= Arctinus of Miletus =

Ancient Greek poet

Arctinus of Miletus or Arctinus Milesius (Ἀρκτῖνος ὁ Μιλήσιος) was a Greek epic poet credited with the composition of at least two works in the epic cycle. Traditionally dated between 775 BC and 741 BC, Artemon of Klozmenai claimed he was a pupil of Homer, and his father was Teleus son of Nauteus.

Phaenias of Eresus placed him in the 7th century BC and claimed that he was defeated by Lesches of Pyrrha in a poetical competition. One of the "cyclic poets", Arctinus composed the epics Aethiopis and Iliupersis or Sack of Troy, which are included in the Trojan War cycle; Athenaeus remarks that some credit him with writing the Titanomachy.

== Writings ==
The poems of Arctinus have mostly vanished, but their contents were summarized in the Chrestomathy ascribed (probably wrongly) to Proclus the Neo-Platonist of the 5th century AD. Although Proclus' work is also mostly lost, an excerpt describing the poems of the epic cycle was included at the beginning of the manuscript Venetus A kept at the Biblioteca Marciana in Venice, and Photius as well drew upon Proclus' summaries for his own Bibliotheca.
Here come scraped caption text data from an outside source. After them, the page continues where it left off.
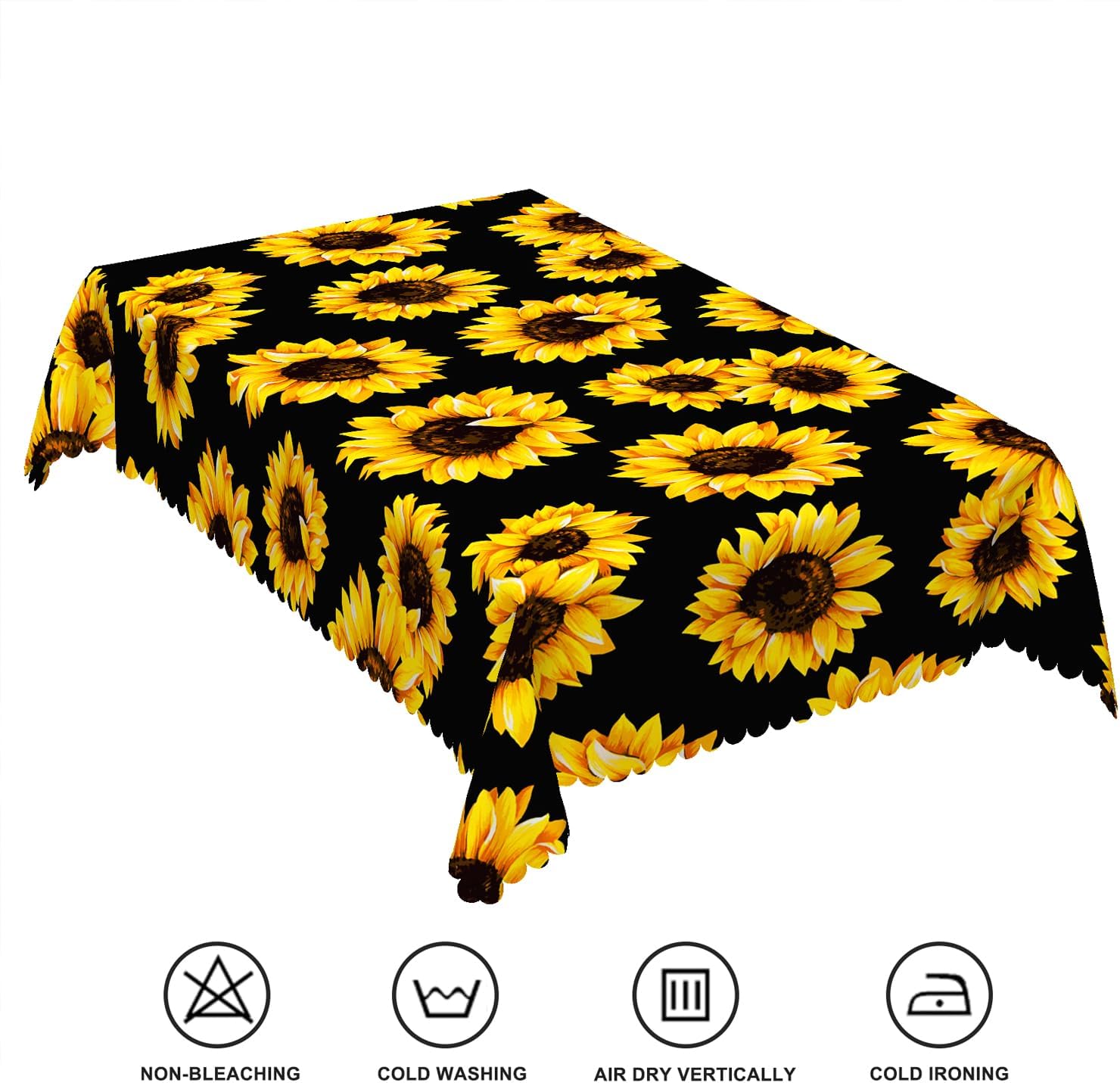 60x102inches Sunflower Tablecloth Yellow Flowers Black Polyester Fabric Table Cloth Waterproof and Wrinkle Free Rectangle Table Cover for Kitchen Dining Room Autumn Harvest Party Decorations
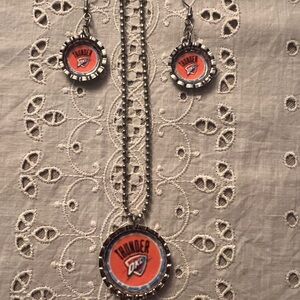 OKC Thunder Logo Necklace and Earring Set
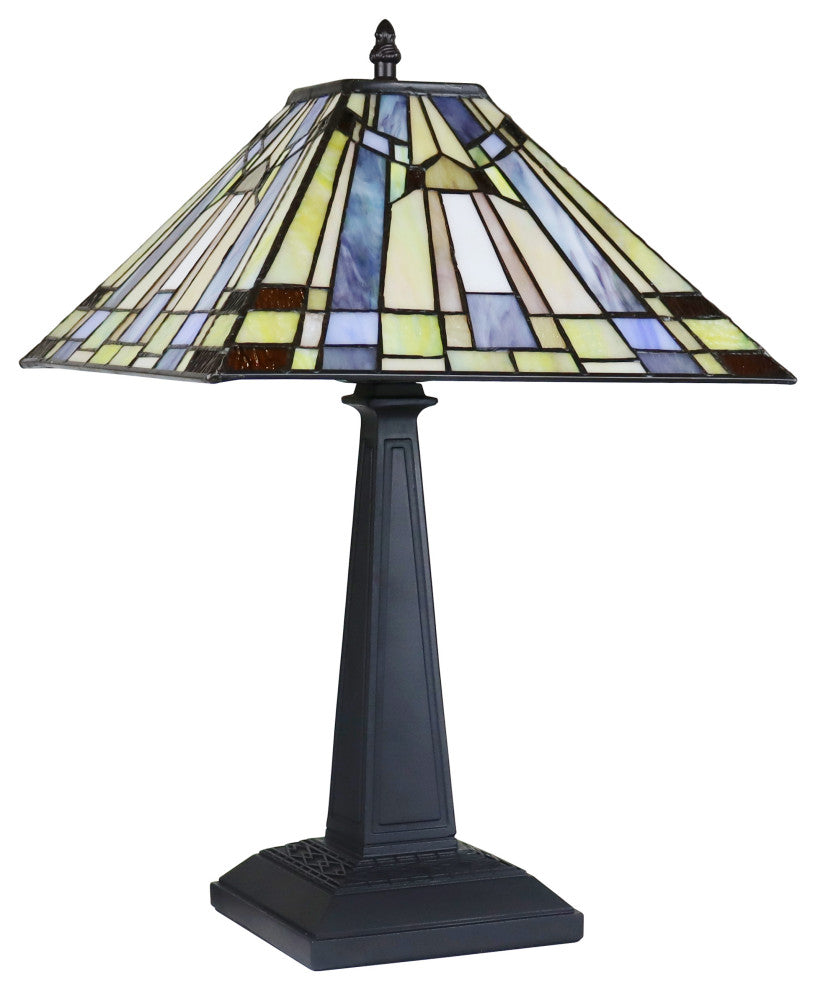Kinsey Mission Tiffany-Style Blackish Bronze 1 Light Table Lamp 12" Wide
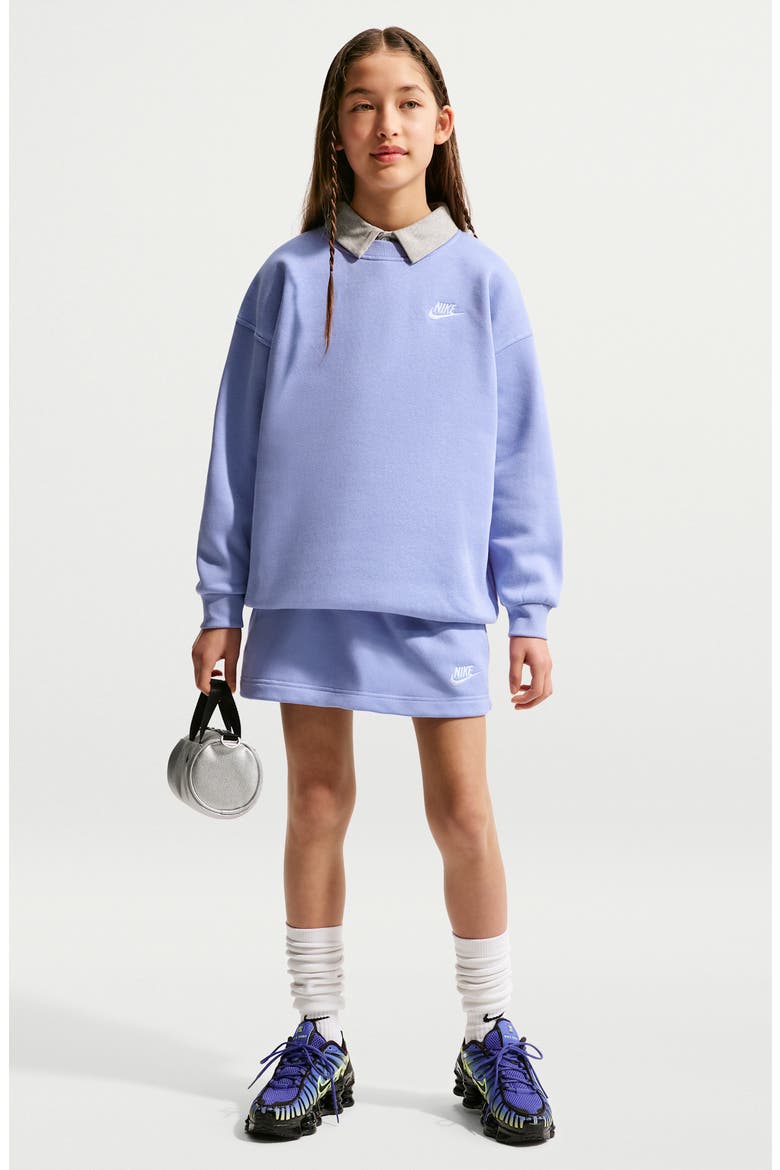 Kids' Club Fleece Oversize Crewneck Sweatshirt, Main, color, LIGHT THISTLE/ WHITE
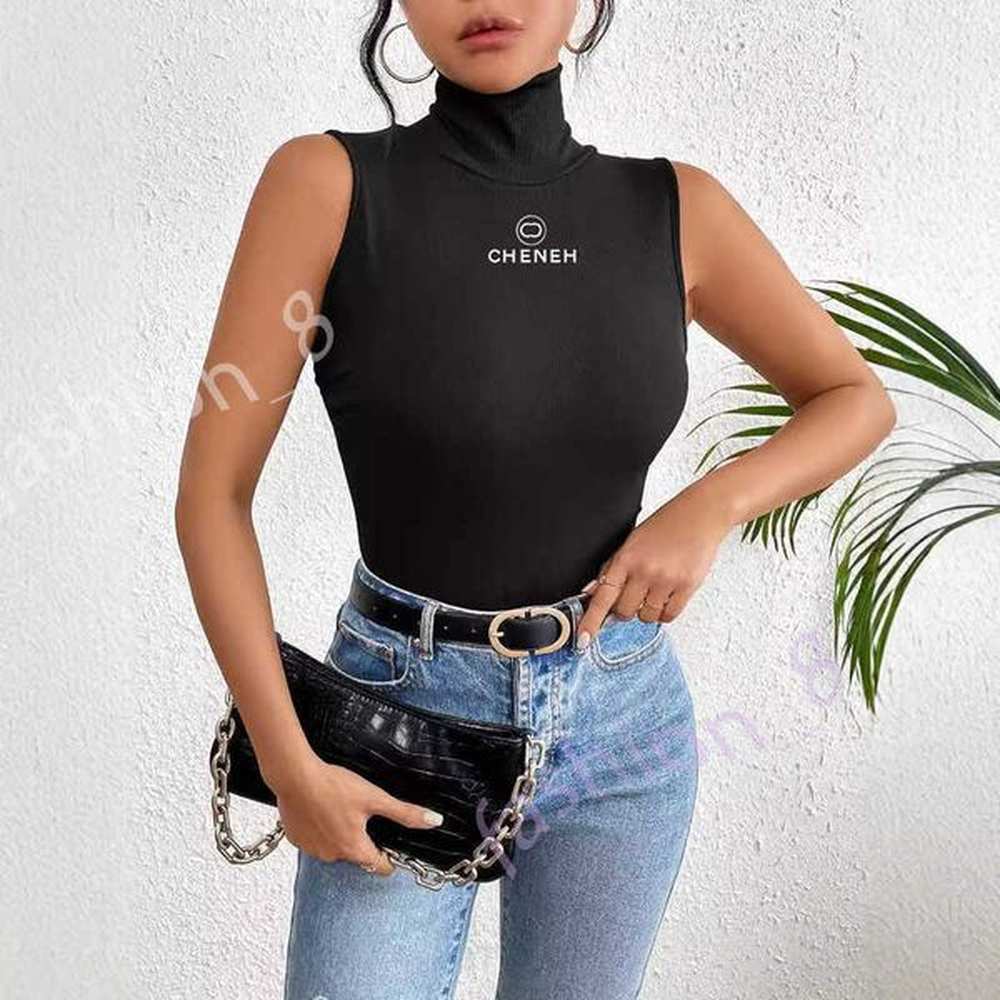designer fashion womens high round neck slim fit sleeveless knitted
The Aethiopis (Αἰθιοπίς), in five books, thought to be named after the Aethiopian Memnon, who fought on the side of the Trojans after the conclusion of the Iliad. According to Proclus, Arctinus' work begins immediately after the death of Hector. Penthesileia, queen of the Amazons, comes to aid the Trojan side, only to be slain by Achilles. Then Memnon, son of Eos arrives to take Penthesileia's place, only to also be slain by Achilles. Then after routing the Trojans, Achilles rushes into the city, where he is slain by Paris and Apollo. After recovering his body the Achaeans begin to bury him, only for his mother Thetis to transport the corpse to the White Island. The Aethiopis concluded with the dispute between Ajax and Odysseus over Achilles' arms.

The Sack of Troy (Iliou Persis) told the stories of the Trojan Horse, Sinon, and Laocoön, the capture of the city, and the departure of the Greeks pursued by the anger of Athena at the rape of Cassandra by Ajax the Lesser. The Little Iliad, usually ascribed to Lesches, bridged the gap in the story-line between Aethiopis and the Sack of Troy.